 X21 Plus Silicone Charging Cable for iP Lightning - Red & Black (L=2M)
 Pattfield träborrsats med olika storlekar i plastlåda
---
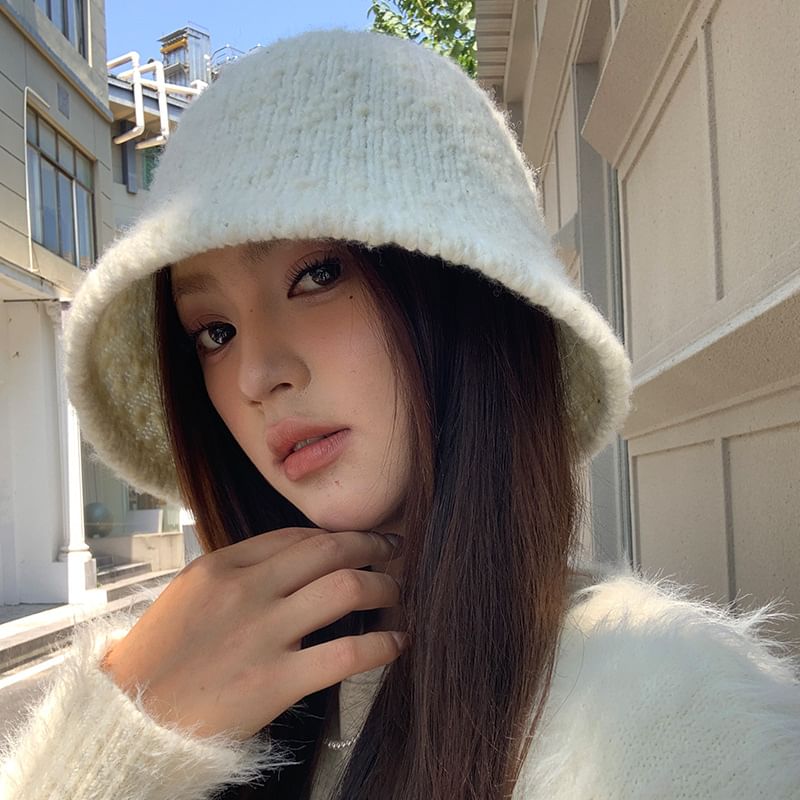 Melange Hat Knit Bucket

ACTION ITEM: In the material above, transcribe exactly the lines beginning at the one with "X21 Plus Silicone" and ending at the one with "Pattfield träborrsats med", both included.

WRITTEN RESPONSE:
 X21 Plus Silicone Charging Cable for iP Lightning - Red & Black (L=2M)
 Pattfield träborrsats med olika storlekar i plastlåda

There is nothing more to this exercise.